In this regard, Mike is well-matched with Brooke, who is trapped in a very different way. Brooke feels responsible for Adam, but he is legally an adult and she has little power over what happens to him. She can't keep him from being around or taking drugs, nor does she have any say over who he spends his time with. The fact that he lives with her and their sibling relationship provides her with a bit of leverage, but as Adam sinks into casual drug use and surrounds himself with other people who make bad choices, even that power doesn't do much.
Performance wise, Pettyfer is appropriately obnoxious and frustrating as Adam.
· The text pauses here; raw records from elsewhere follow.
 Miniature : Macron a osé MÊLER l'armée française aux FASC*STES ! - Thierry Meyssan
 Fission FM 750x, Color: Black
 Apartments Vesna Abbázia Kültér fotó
His initial shyness around the other dancers belies a personality that is inherently impulsive and selfish. We learn from Brooke that Adam blew a sports scholarship by getting into a physical altercation with the coach on the first day of practice. Adam chases his own pleasures, and his original hesitations are really just someone getting their sea legs.
The real standout, though, is Tatum. Reid Carolin's writing seems perfectly suited to Tatum's particular brand of charisma, which can be summed up as "is this guy really dumb? Wait, is he actually smart? No wait, I think he might be stupid after all? Or is he?!" (Something Tatum also leveraged really well in The Lost City). There are these little touches in the writing that Tatum delivers perfectly, like when he asks his grad-student girlfriend (Olivia Munn) if she's studying "social studies". There are these very real verbal miscues--like when he goes to introduce Brooke and introduces her as "Adam's brother"--that ground the character incredibly well.
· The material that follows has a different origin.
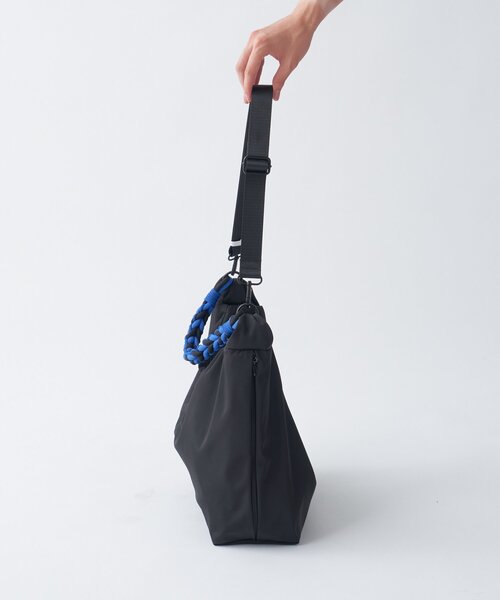 CIAOPANIC TYPY（チャオパニックティピー）の「【SML別注】BRAID SHOULDER BAG（ショルダーバッグ・メンズ・ブラック/ベージュ・ONE SIZE）」の13枚目の写真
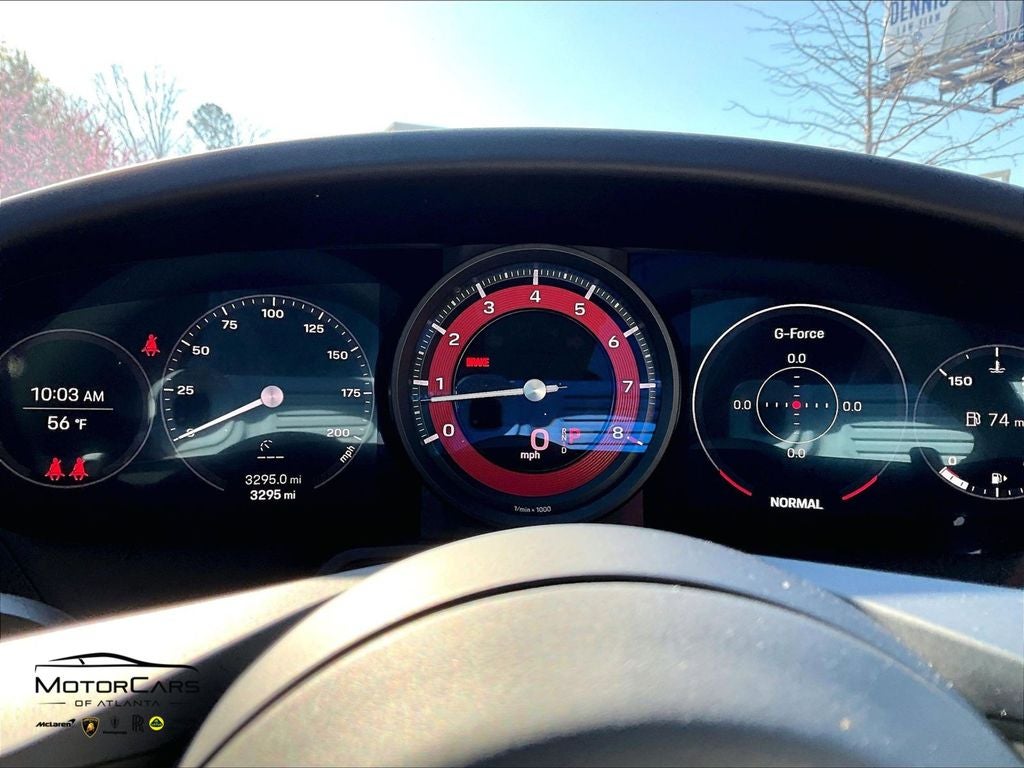 2024 Porsche 911 Targa 4S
Cody Horn's solid but subdued performance as Brooke was also really good. Her character's more withdrawn nature makes for a really strong contrast with the screaming bluster of the strip club sequences. She's like a patch of calm water in a storm, and it makes a lot of intuitive sense that Mike would be drawn to her. Late in the film he tries to draw a line between who is really is and what he does for work, and you can tell that she is the kind of person he wants to be around. Their slow-building romance was one of my favorite parts of the film.
As for the strip club sequences themselves? Meh. Like, don't get me wrong, I am a big fan of dance and I generally have a huge appreciation for athleticism. I was kind of disappointed that the dancing didn't seem to have more of a relationship to the story itself. Yeah, sure, we see Adam's increased confidence. But the sequences are all very brief and kind of redundant. There would be some good dancing, but then every third move was *aggressive pelvic thrusts and it got kind of tiresome. I'm not saying it's not realistic or whatever, just that it was unengaging. The sequences often felt rushed, and it almost felt like there was a discomfort with letting there be any slowness or sensuality as opposed to either going silly and over the top or going really aggressive and having the dancers air-humping the audience.
What did impress me in the dance sequences was the work that clearly went into them, and the extent to which we do get to see the dance skills that Tatum brought to the film. He's very athletic and a really good dancer, and the final sequence in the film was probably the best of any of the dance numbers, if only because it actually took a moment to breathe instead of two minutes of posing and then down to a g-string.
(SIDENOTE: But the numbers, tho!: typically, a film will have between 1 and 3% of 1/10 ratings on IMDb. The male voters of that site have over 4% 1/10 votes for Magic Mike. Is this is homophobia, or just anger at the idea of women being sexual consumers or what?)
Aside from being underwhelmed by the nature and purpose of the dance sequences, I have very few complaints. I was pretty impressed with the character work and thought that the balance between comedy and drama was pretty deft.